#### GIVEN INFORMATION
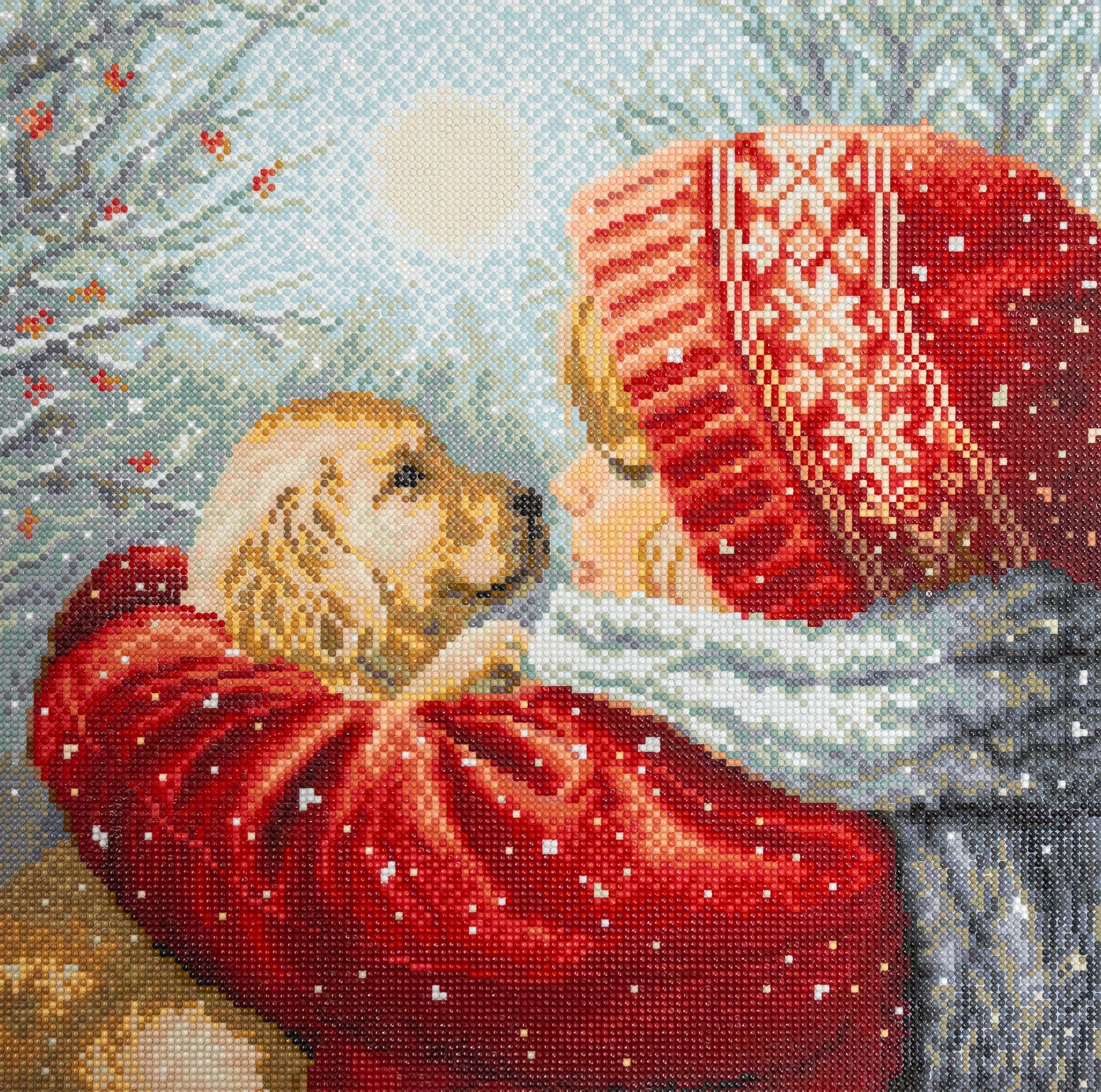 Cross-stitched scene of a child in a red coat and hat holding a dog, with a snowy background.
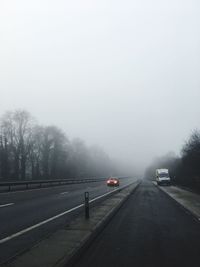 Cars on road against sky during rainy season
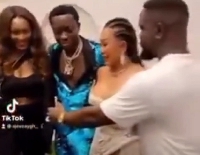Michael Blackson with his fiancée in a group picture with Sarkodie and his wife, Tracey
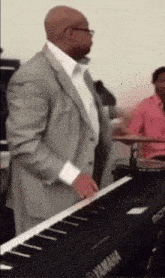 a man in a suit plays a yamaha keyboard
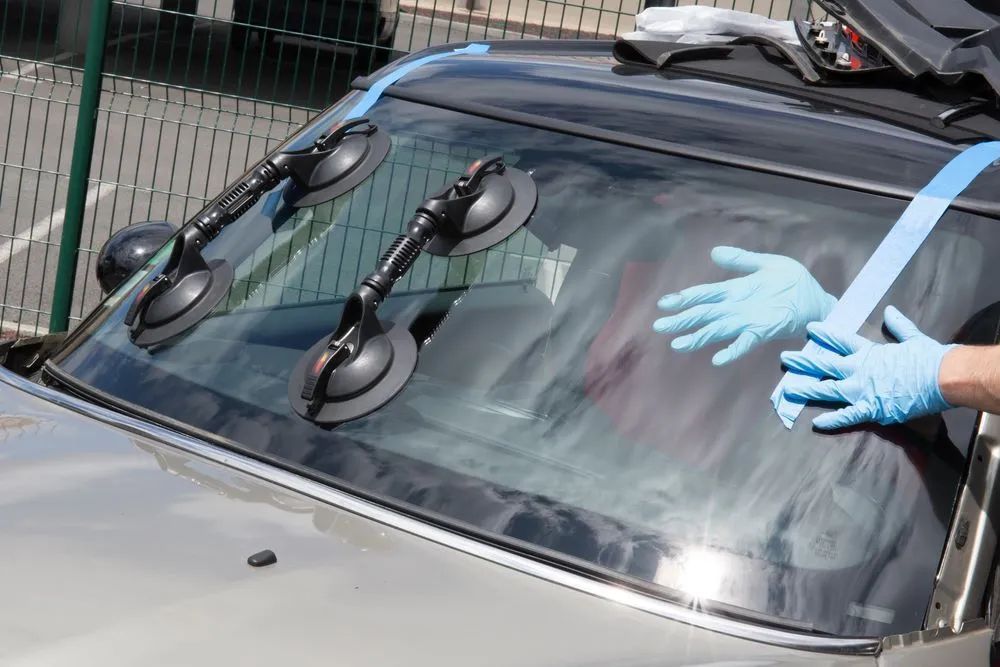 Windshield Being Repaired With Suction Cups — Southern Tablelands Windscreen Repairs in Exeter, NSW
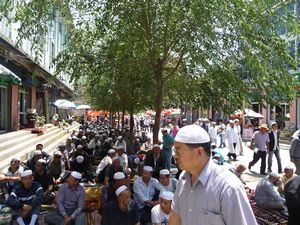 Outside the mosque area, thousands of devotees have already taken their prayer spots under the shade of trees.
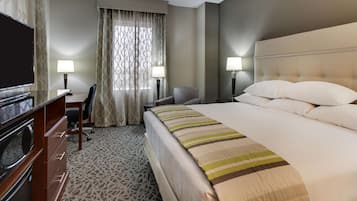 Una habitación de hotel con una cama, un escritorio, una silla, un televisor y dos lámparas.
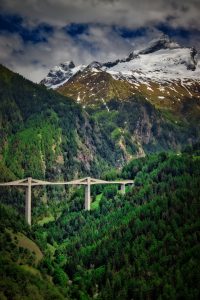 A concrete bridge spans a forested valley with snow-capped mountains in the background under a partly cloudy sky.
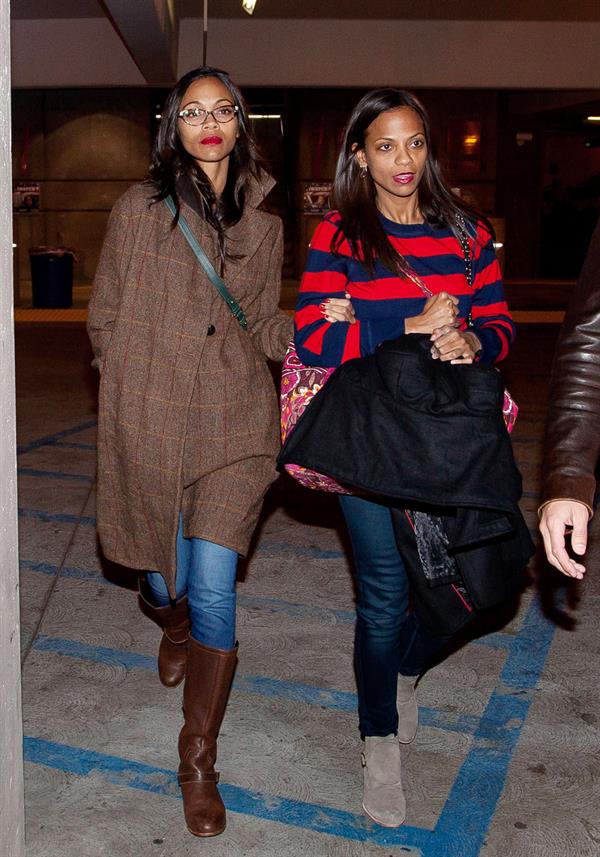 Zoe Saldana arrives at Los Angeles International Airport (05.02.2013) 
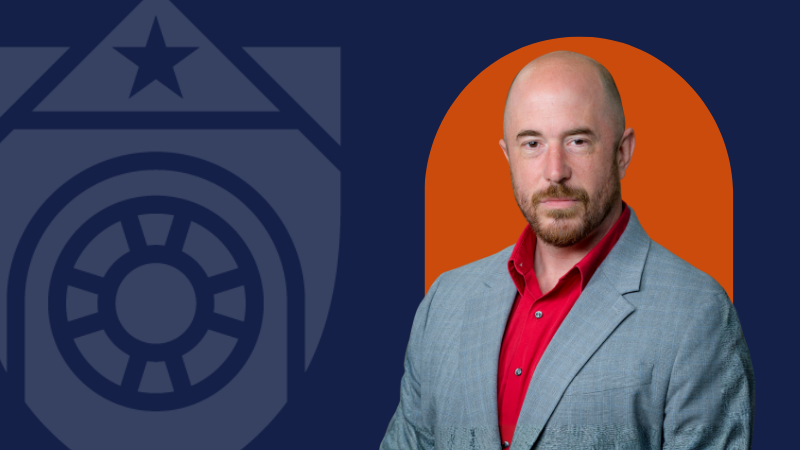 A man in a grey blazer on a navy-blue background with an orange backdrop directly behind him and the UTMB logo to the left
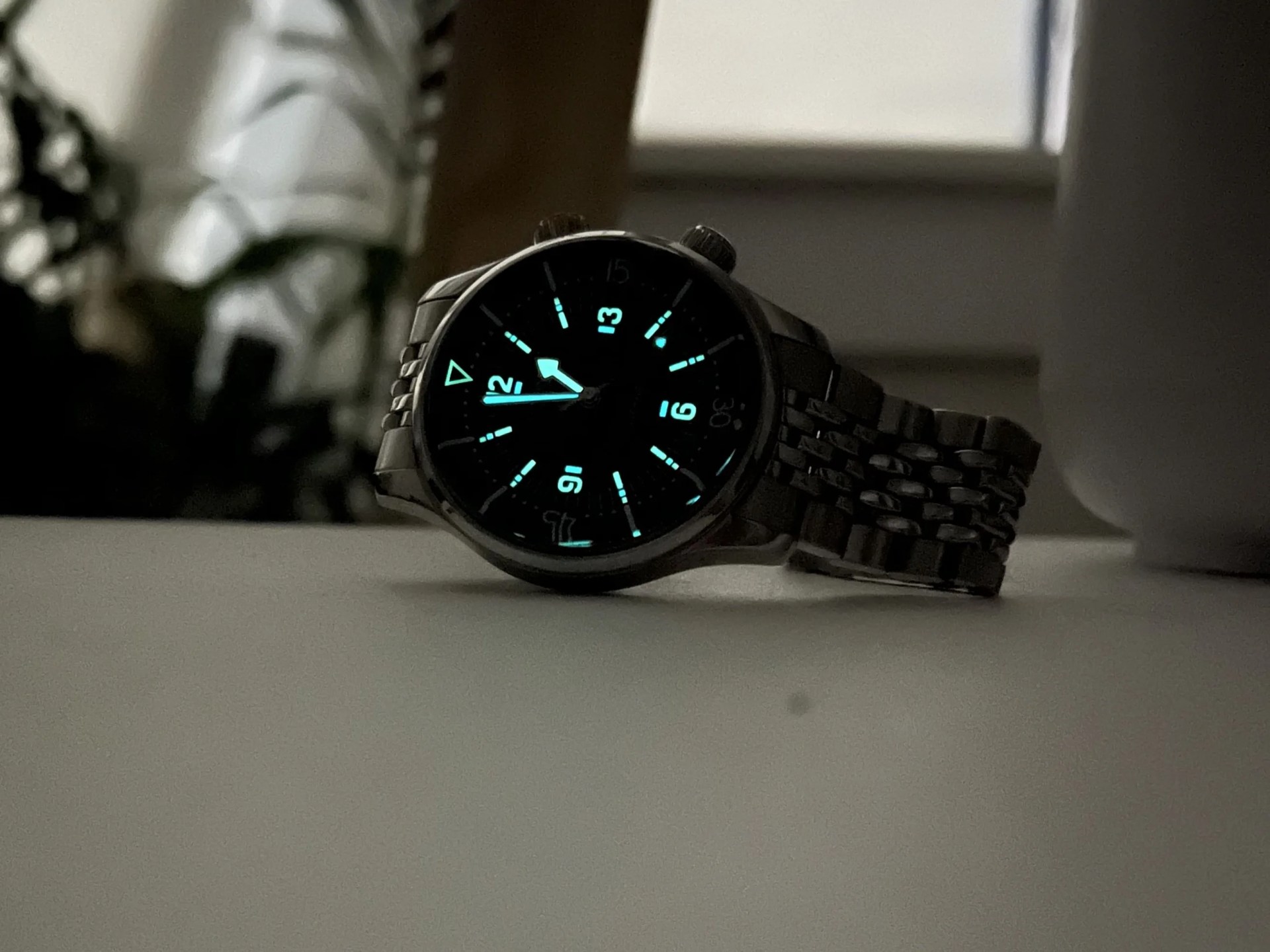 a longines watch on a table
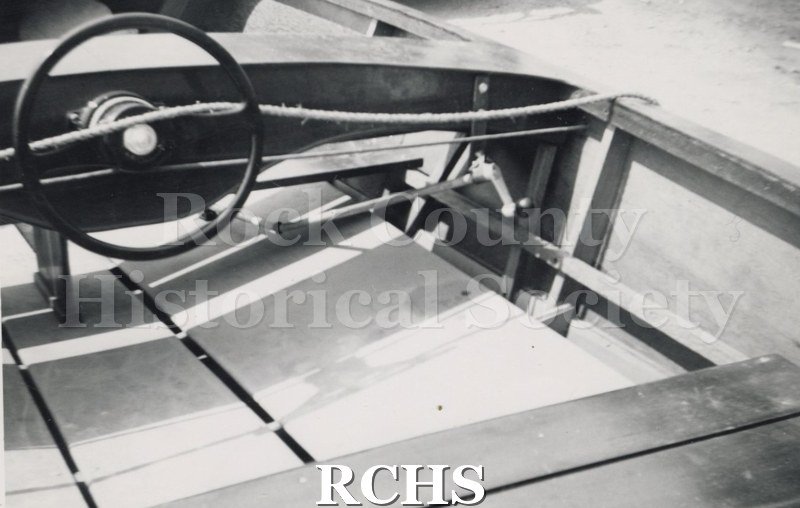 Black and white photograph of "Sea Flyer"-Hydrofoil-Central interior view with a steering wheel visible. Description reads: "The Sea Flyer-Hydrofoil-Baker Mfg.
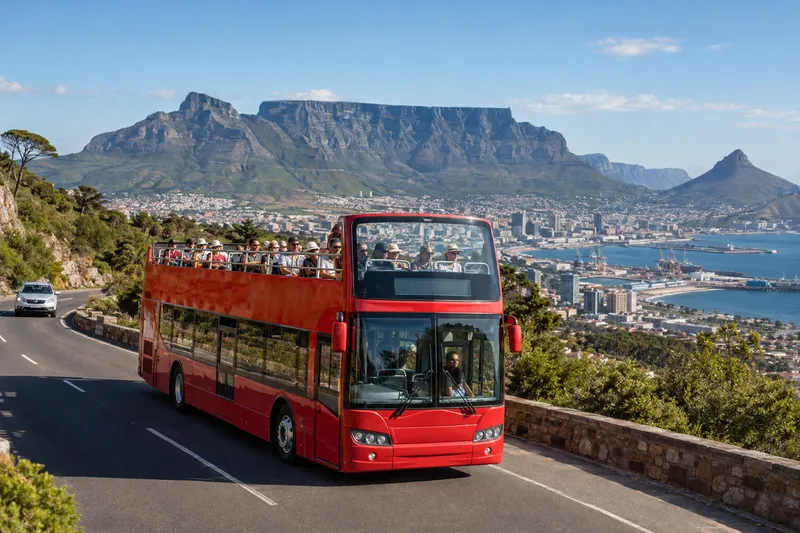 Red open-top sightseeing bus in Cape Town with Table Mountain in background
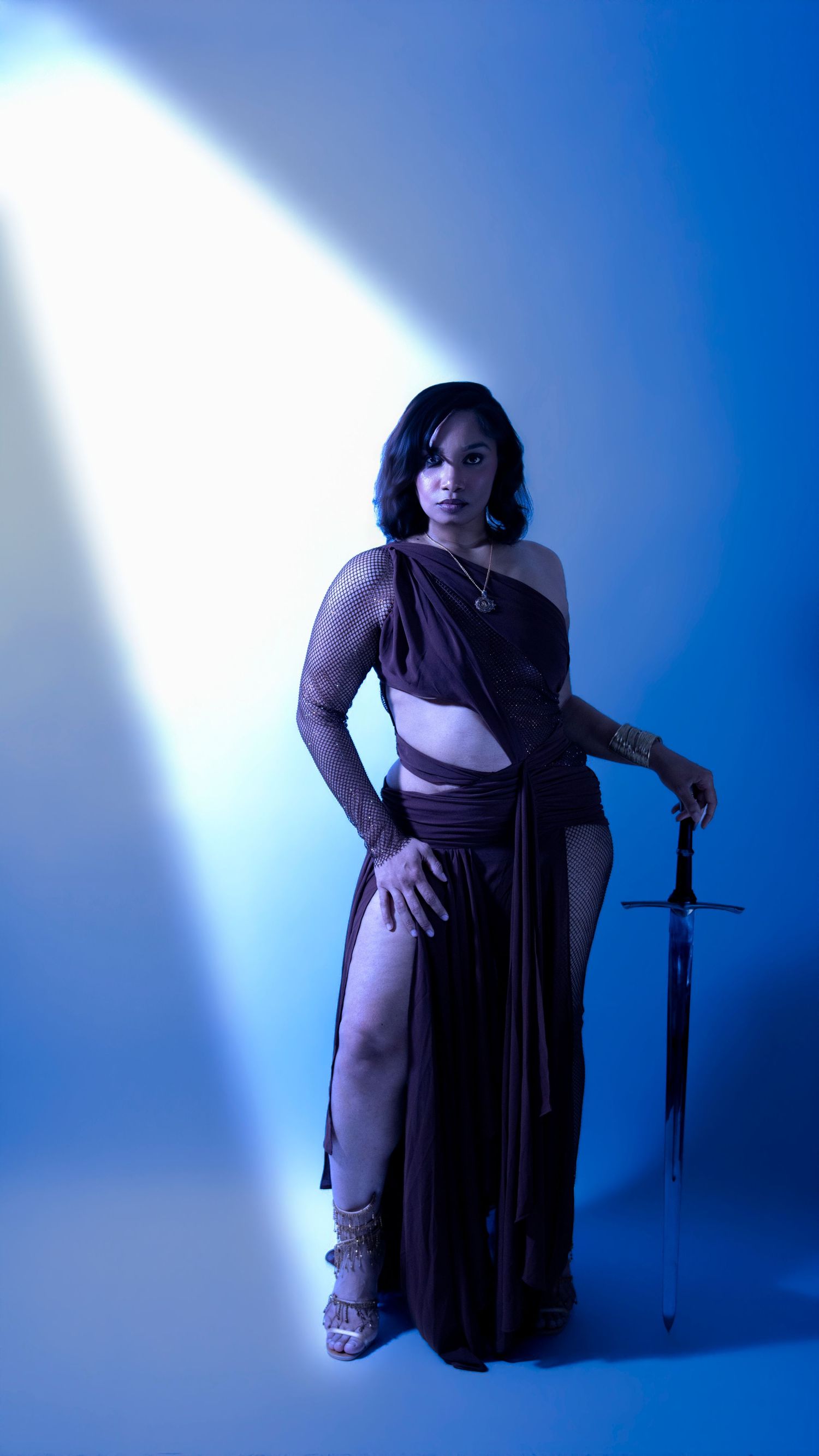 Woman in elegant brown one-shoulder cutout dress holding sword in blue-lit studio setting.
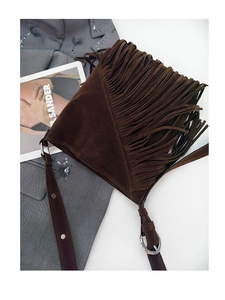 Detailed close-up of dark brown suede bucket bag with long fringes and silver metal rings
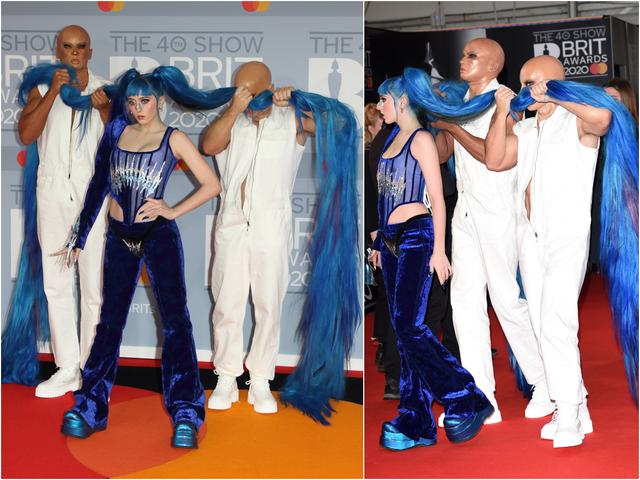画像: BRIT AWARDS 2020では、屈強な男性2人にドレスのトレーンの代わり約3メートルものヘアを持たせてレッドカーペットを歩いた。
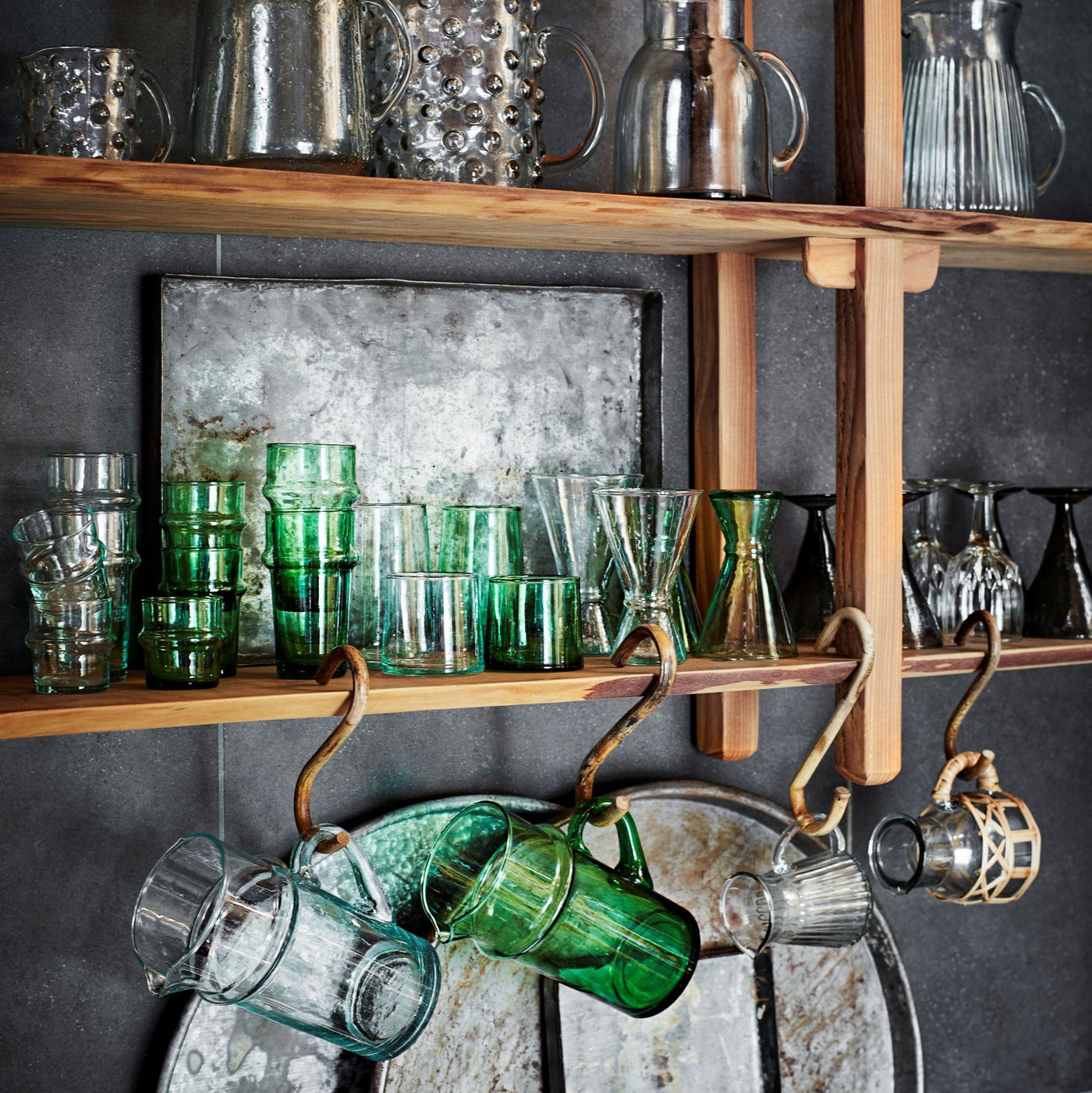 Wooden shelves with various glassware against a dark wall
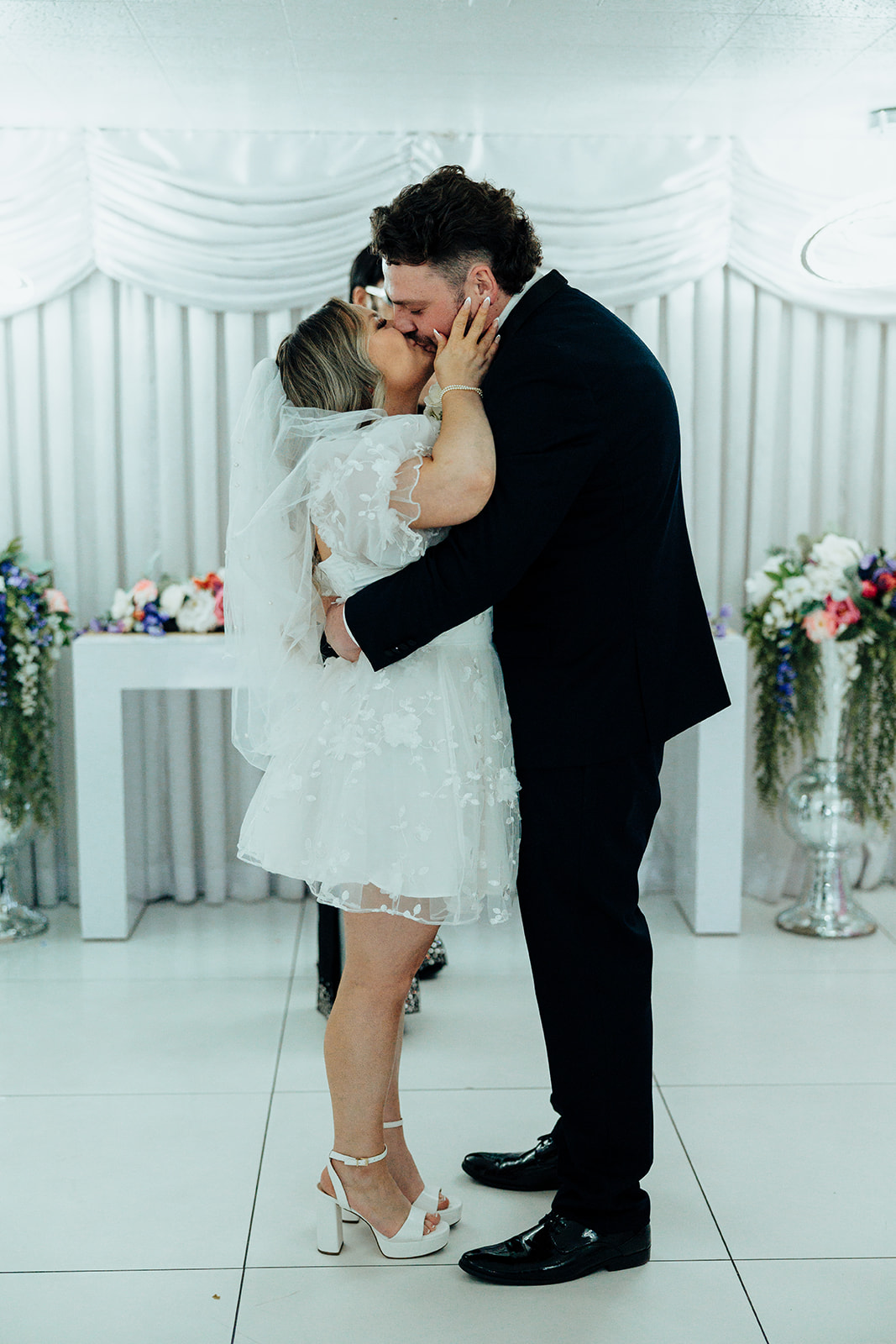 Bride and groom sharing their first kiss at Little White Wedding Chapel elopement, with white drapes and floral decor in the background.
########
#### GOAL OF THE EXERCISE
In the records above, find the line with "Zoe Saldana arrives" and the line with "Detailed close-up of". Write out exactly those lines and every one between, with no pictures and no other lines.

#### OUTPUT BELOW
 Zoe Saldana arrives at Los Angeles International Airport (05.02.2013) 
 A man in a grey blazer on a navy-blue background with an orange backdrop directly behind him and the UTMB logo to the left
 a longines watch on a table
 Black and white photograph of "Sea Flyer"-Hydrofoil-Central interior view with a steering wheel visible. Description reads: "The Sea Flyer-Hydrofoil-Baker Mfg.
 Red open-top sightseeing bus in Cape Town with Table Mountain in background
 Woman in elegant brown one-shoulder cutout dress holding sword in blue-lit studio setting.
 Detailed close-up of dark brown suede bucket bag with long fringes and silver metal rings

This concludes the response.